McEs, A Hacker Life
DesktopCon Last Call
Tomorrow is the last day to
submit proposals for talks on Desktop Developers' Conference this July in Ottawa. Last year it was some seventy of us there, pretty cool. I'm looking forward to meet more faces this year. I almost know what I'm going to talk about, but I've not submitted yet. Have been busy marking two final exams and an assignment, before I head to Niagara Falls and New York in a few hours. I'm going to meet Noah that should be fun, and a lot of old Iranian friends. I like to meet more hackers though.
Jamesh: SourceForge.net's compile farm is a very handy way to make sure your packages build on Solaris and MacOS X. All you need to gain access to that is to be a member of an active sf.net project. One can open a project for tinderboxing only.
New York and Boston next week
Everybody's registering for 6UADEC. Too bad I cannot make it :(. Apparently I should have not taken Roozbeh's words about not having funds to go to 6UADEC seriously, since they are trying anyway. Only thing lost was my opporunity to apply for a Canadian visa to be able to come back to Canada after 6UADEC, and that takes some five weeks itself.

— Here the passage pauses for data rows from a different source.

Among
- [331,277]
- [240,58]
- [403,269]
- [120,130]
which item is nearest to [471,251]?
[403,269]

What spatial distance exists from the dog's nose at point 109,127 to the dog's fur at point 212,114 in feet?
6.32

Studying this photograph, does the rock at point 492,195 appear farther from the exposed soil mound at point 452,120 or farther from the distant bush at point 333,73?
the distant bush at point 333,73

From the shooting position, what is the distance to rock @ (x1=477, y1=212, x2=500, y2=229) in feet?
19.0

Instead, yesterday I finally got a US visa. To make some of you more ashamed of your government, lemme explain the history of this visa. I applied for it on January 23rd, 2004. I was supposed to
present in the Internationalization and Unicode Conference on April 1st 2004. The officer told me we've got plently time to get my clearance back. In short, that didn't happened until late August. After that I was busy enough to not go get it (and I needed to bring new documents). So finally I went there on February 7th 2005, to get the visa to visit a friend. Since a clearance is only valid for a few months (three or six, don't know), I had to go over again. But fortunately this time it took less than two months.
So here I go now, with a visa in my passport, and a
Bob Dylan presale ticket for the last performance of the tour in my hand for April 30 in New York. So I'm heading there in two days. No plans on how long or where to stay yet, but if everything goes smoothly I plan to make a trip to Boston too, where I would like to meet some Gnome/Red Hat people, if anybody stands up. Any words, offers, interests are more than welcome.

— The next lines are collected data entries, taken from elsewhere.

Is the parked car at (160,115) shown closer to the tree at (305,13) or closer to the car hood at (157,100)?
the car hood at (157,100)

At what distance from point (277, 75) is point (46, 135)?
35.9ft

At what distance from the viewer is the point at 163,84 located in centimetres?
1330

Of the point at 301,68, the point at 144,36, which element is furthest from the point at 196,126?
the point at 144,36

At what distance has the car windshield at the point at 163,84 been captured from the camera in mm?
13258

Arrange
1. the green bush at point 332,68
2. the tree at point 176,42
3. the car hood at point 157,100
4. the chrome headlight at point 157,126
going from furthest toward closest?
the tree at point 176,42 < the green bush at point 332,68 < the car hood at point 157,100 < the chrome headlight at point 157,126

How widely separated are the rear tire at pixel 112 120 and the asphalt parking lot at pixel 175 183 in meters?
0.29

With Roozbeh, we will make sure to update you on our visa problems, you that your goverments think we support our government,
you who travel with a tip of your toes.
Data Crunching
Data Crunching is the name a new book by Greg Wilson. Follow the title link to have a look inside. Highly recommended to warm your hands up. Fortunately for those of you in Iran, Pragmatic (by definition) sells PDF copies too. I wish I could freely read it, since I'm not going to buy that. Thanks Greg anyway.
Here we go
So I finally found jdub on IRC and he hooked up my feed to
the planet.
I coded a couple all nighters again last week, but the wrist-ache didn't let me continue. Some random links for now:
School of Rock
Watched the movie. Very entertaining.
In the News
I've been extremely busy the last few days. So I first go by a long news post.
Books arrived. Busy with "Inmates". Pretty good stuff so far. The Bob Dylan Encyclopedia is awsome too. I'm having a lot of good time reading the Encyclopedia and Lyrics books side by side. I will post a few notes on Bob Dylan later.
Web development. Last few days I've been busy doing web development. Focused mainly on
RiRa Persian Digital Library, but editing other stuff too. Behnam sent me this
Web Development Bookmarklets which totally changed my web development practices. I made a list of pages and services I maintain, and cleaned their codes and styles up until satisfaction (XHTML1.1) and perfect FireFox viewing. I probably ruined Windows support in the process, but I don't care _much_. Since Opera 8.0 is released now, I'll try to download and test under that too. I will compile the list of these pages I do and put on my homepage and post here later. Moreover, I finally decided to put all my web development stuff under the name RiRa Developers Resources. Will come soon.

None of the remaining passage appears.